L’art de la scarification dans le Mayombe

Jeunes filles yombe. Extraordinaire géométrie portée par celle de gauche. (Indatable, aurait certainement encore pu être prise jusqu'aux années 1930 (Origine du cliché G. Nguila)

Jeunes filles yombe. Extraordinaire géométrie portée par celle de gauche. (Indatable, aurait certainement encore pu être prise jusqu’aux années 1930 (Origine du cliché G. Nguila)

 

Autrefois très répandues, les scarifications rituelles furent très mal comprises par les colonisateurs et en particulier par les missionnaires qui firent tout pour éradiquer ces pratiques « païennes ». Pourtant, ils n’y sont jamais parvenus et si, au Congo, elles sont devenues plus discrètes et que leur signification a évolué jusqu’à en faire disparaître dans l’esprit des congolais leur utilité identitaire, il est plus que fréquent de rencontrer des gens, même très jeunes qui portent dans leur peau quelques cicatrices volontaires, désormais liées à des pratiques de médecine traditionnelle. Selon la région, les scarifications étaient très différentes : les hommes Téké sur leur visage, zébré de fines coupure, (on se souvient de ce directeur départemental du BCBTP à Pointe-Noire, hélas trop tôt disparu, qui arborait avec fierté les siennes), les femmes Mayombe sur leur ventre avec de grands dessins le plus souvent en relief.

Yombe

Yombe

 

Autrefois, les populations sans écriture ils avaient bien du mal à s’identifier. Leur corps, proche de la nudité, offrait de larges surfaces sur lesquelles on pouvait identifier un certain nombre de renseignements sur l’individu : son appartenance tribale, son rang social, sa situation familiale et autres, puisque si les marques étaient ineffaçables, on pouvait toujours les compéter.

Dos de femme Yombe

Dos de femme Yombe

Il ne suffisait pas qu’on décrive, encore fallait-il que la pratique fut esthétique, et de vrais artistes se sont exprimés sur ce matériau vivant.

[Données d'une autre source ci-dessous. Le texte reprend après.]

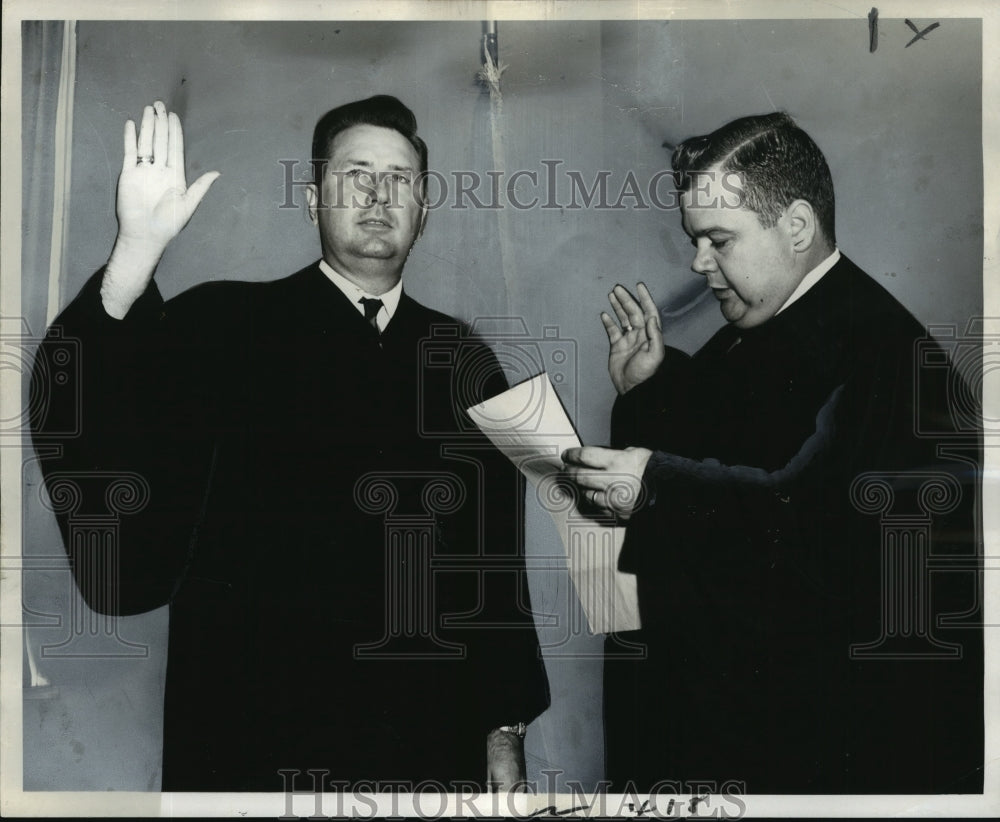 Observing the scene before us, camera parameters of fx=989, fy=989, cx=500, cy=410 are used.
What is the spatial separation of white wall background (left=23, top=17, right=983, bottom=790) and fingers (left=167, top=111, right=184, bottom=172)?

Les critères de la beauté diffèrent terriblement en fonction du lieu où l’on se trouve et si pour les pères blancs, ces cicatrices pouvaient paraître barbares et inhumaines, elles n’en étaient pas moins pour les « indigènes » une part intégrante de leur culture et de leur historique. Les pudiques vêtements qu’ils imposèrent et la pudibonderie qui vint en corollaire fit que les tatouages corporels perdirent à la fois leur sens identitaire et leur intérêt esthétique puisque cachés. (Quoi que, j’ignore ce qui est sous les chemises et chemisiers.)

Femme Mayumbe préparant l'huile de palme

Yombe

Toujours chez les yombe (cliché daté de 1902)

Toujours chez les yombe (cliché daté de 1902)

Il leur resta cependant leurs fonctions mystique et médicinale, ce qui en pays du Mayombe ne se différencie guère. Elles perdurent aujourd’hui dans la discrétion.

Mon ex-épouse Ndassa avait des problèmes de conception. Elle avait consulté sans succès sur Pointe-Noire. Son père, infirmier de formation et surveillant général de l’hôpital général de Dolisie, lui suggéra l’accompagner chez un nganga (sorcier, tradipraticien) réputé à Dimonika. Lorsqu’elle revint, deux ou trois semaines plus tard, je fus surpris de la trouver ceinte de différents fils liés autour de la taille ou des bras, mais aussi portant deux petites incisions en relief au niveau des vertèbres lombaires. ça n’a pas, non plus, amélioré sa fertilité… Mais c’est dire qu’aujourd’hui, la pratique des scarifications perdure même auprès de jeunes gens citadins.

Les pays yombe et vili sont mitoyens, mais on peut constater sur cette jeune fille loango que le travail de tatouage sur son ventre, est bien différent. (Origine du cliché G. Nguila)

Les pays yombe et vili sont mitoyens, mais on peut constater sur cette jeune fille loango que le travail de tatouage sur son ventre, est bien différent. (Origine du cliché G. Nguila)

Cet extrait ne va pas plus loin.